-- Opening Marker --

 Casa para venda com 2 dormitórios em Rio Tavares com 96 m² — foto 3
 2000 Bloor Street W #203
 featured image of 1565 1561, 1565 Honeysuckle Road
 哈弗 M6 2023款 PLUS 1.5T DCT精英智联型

-- Closing Marker --
-- Opening Marker --

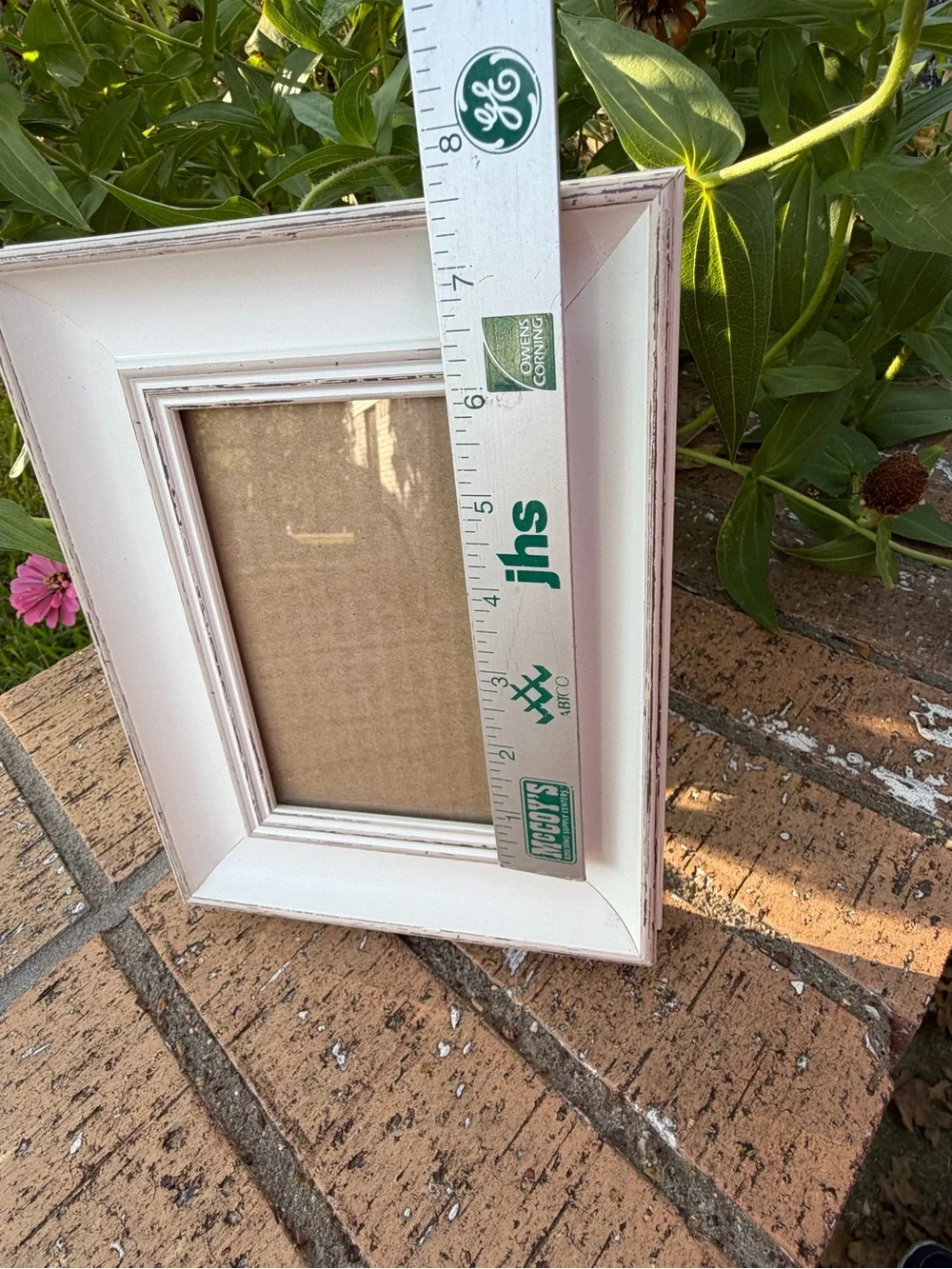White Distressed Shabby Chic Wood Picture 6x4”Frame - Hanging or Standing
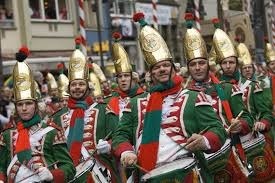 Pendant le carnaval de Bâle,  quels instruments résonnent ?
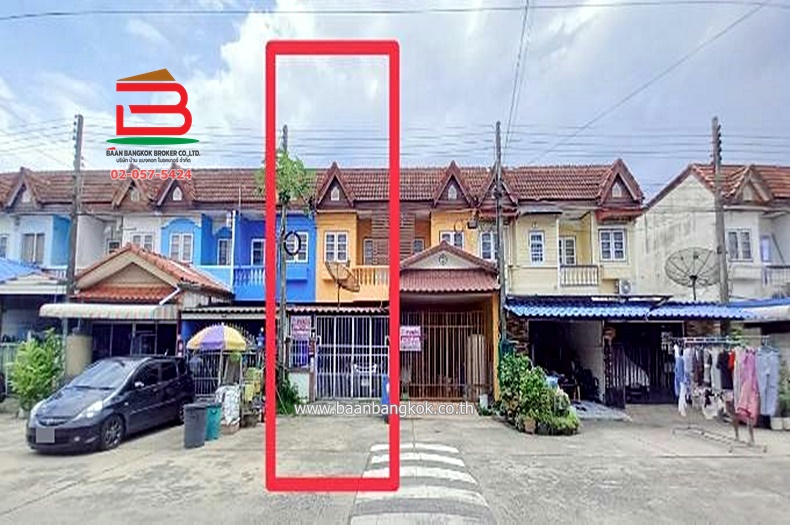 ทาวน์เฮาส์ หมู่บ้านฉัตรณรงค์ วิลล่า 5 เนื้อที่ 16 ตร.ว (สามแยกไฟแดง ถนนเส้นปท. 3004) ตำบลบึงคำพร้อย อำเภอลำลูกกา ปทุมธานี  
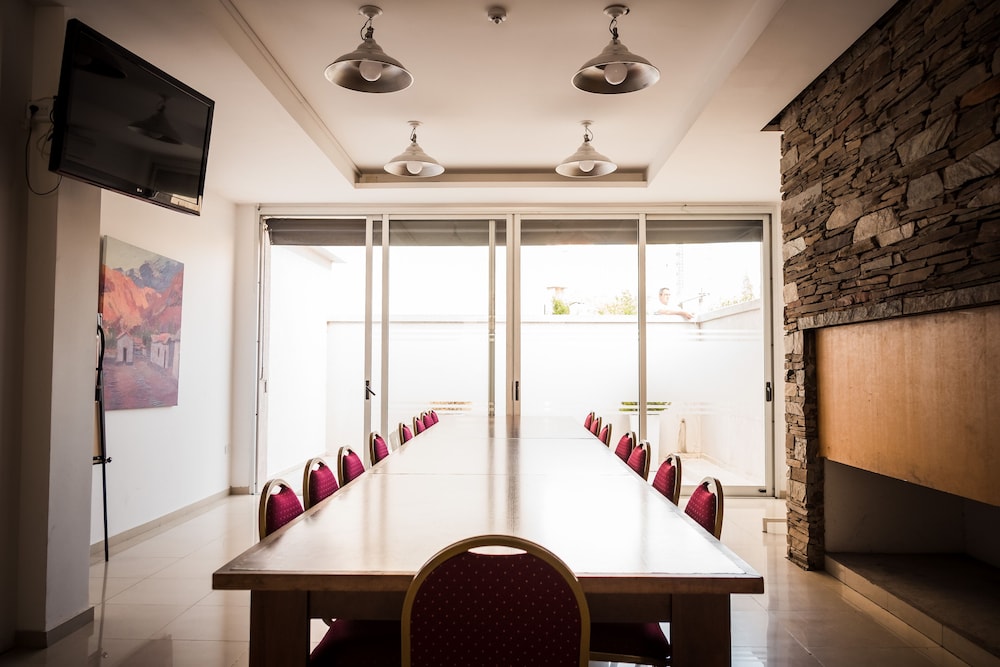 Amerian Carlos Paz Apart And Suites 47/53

-- Closing Marker --
-- Opening Marker --

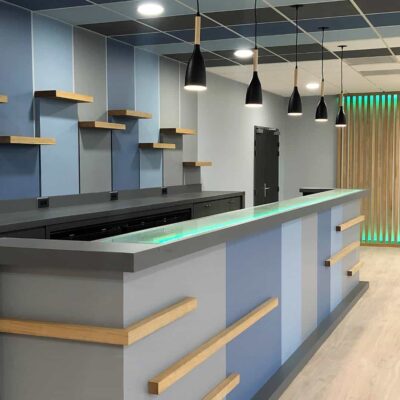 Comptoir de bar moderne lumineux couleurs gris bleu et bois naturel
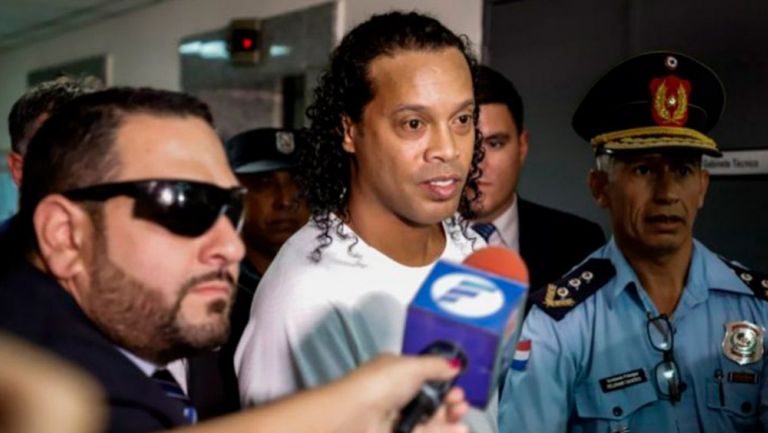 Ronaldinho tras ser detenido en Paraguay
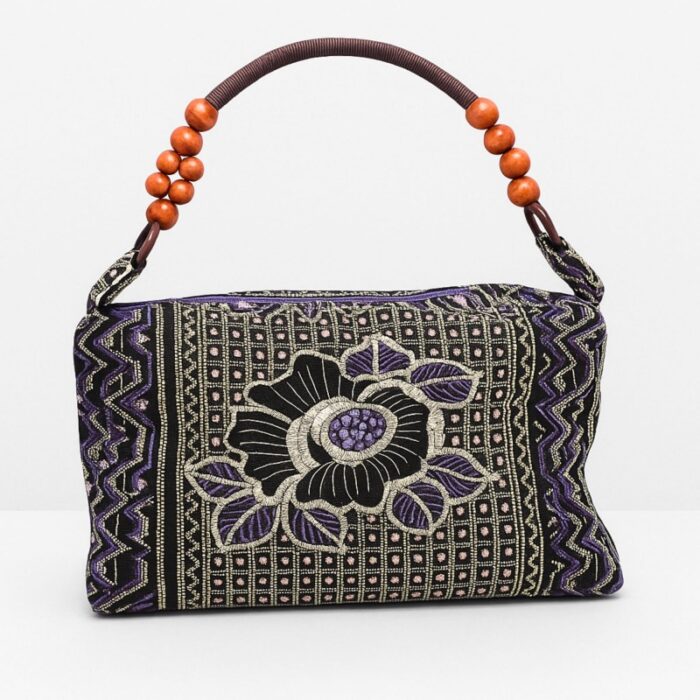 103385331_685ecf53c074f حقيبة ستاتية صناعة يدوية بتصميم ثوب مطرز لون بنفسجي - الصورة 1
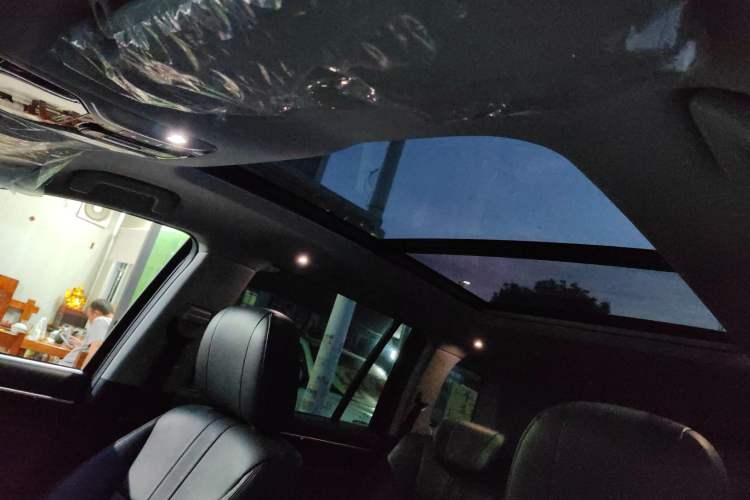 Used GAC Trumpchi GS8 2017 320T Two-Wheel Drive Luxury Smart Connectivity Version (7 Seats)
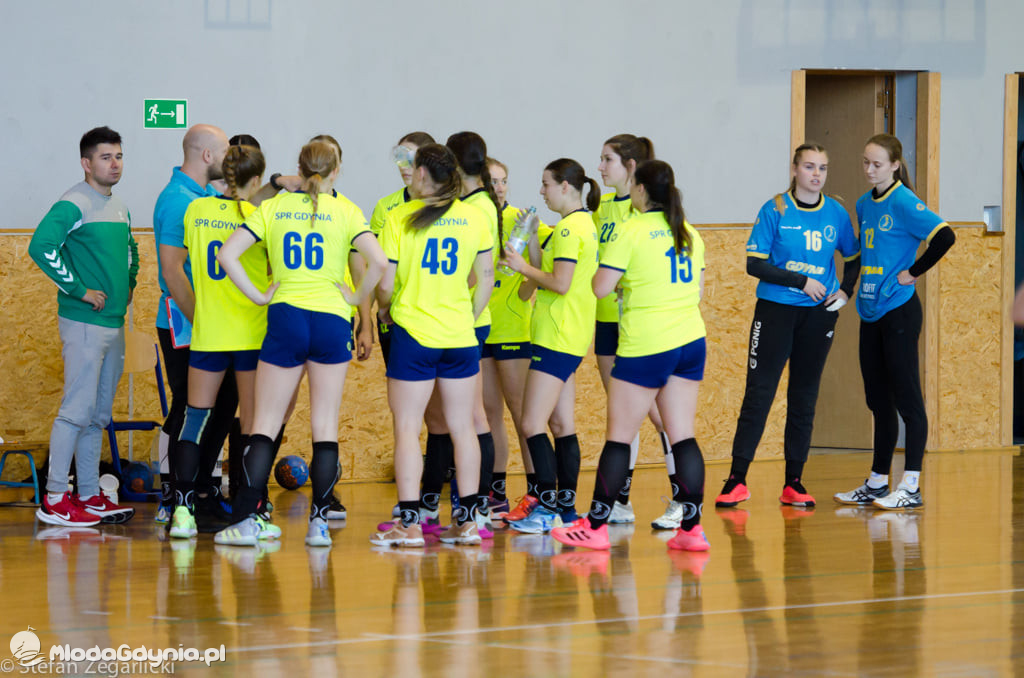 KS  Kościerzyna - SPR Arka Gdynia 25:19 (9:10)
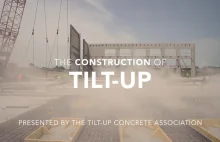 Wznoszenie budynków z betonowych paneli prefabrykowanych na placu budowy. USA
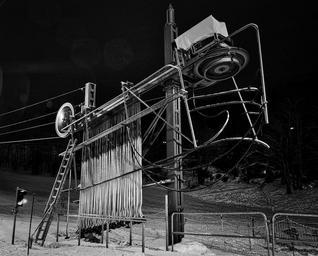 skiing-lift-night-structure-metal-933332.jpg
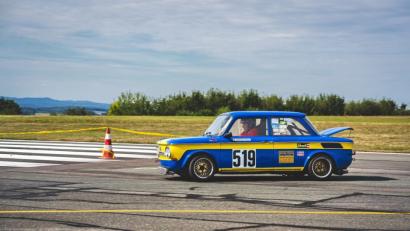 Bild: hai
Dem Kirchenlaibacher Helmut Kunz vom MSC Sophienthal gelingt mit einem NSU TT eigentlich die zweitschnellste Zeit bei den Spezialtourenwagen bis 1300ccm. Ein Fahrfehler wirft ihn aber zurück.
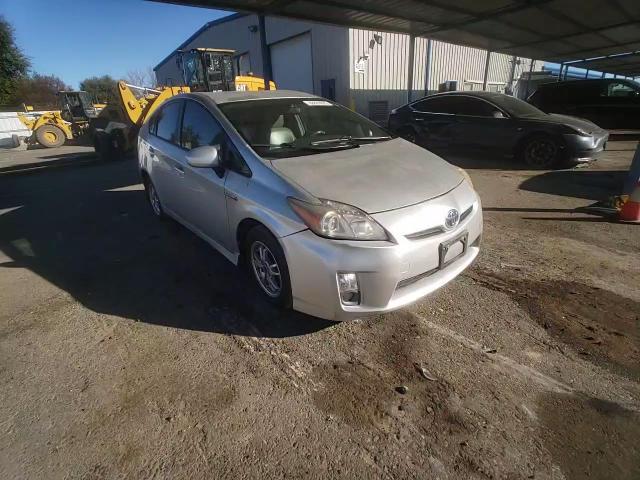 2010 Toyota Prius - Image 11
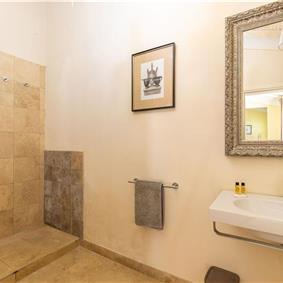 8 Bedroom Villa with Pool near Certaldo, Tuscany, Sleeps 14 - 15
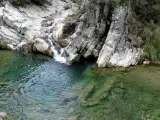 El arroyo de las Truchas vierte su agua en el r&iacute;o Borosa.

-- Closing Marker --

◆ PROMPT
Please copy the lines above exactly, starting at the line that holds "8 Bedroom Villa" and ending at the line that holds "El arroyo de"; include both, but no pictures.

◆ RESULT OF THE EXERCISE
 8 Bedroom Villa with Pool near Certaldo, Tuscany, Sleeps 14 - 15
 El arroyo de las Truchas vierte su agua en el r&iacute;o Borosa.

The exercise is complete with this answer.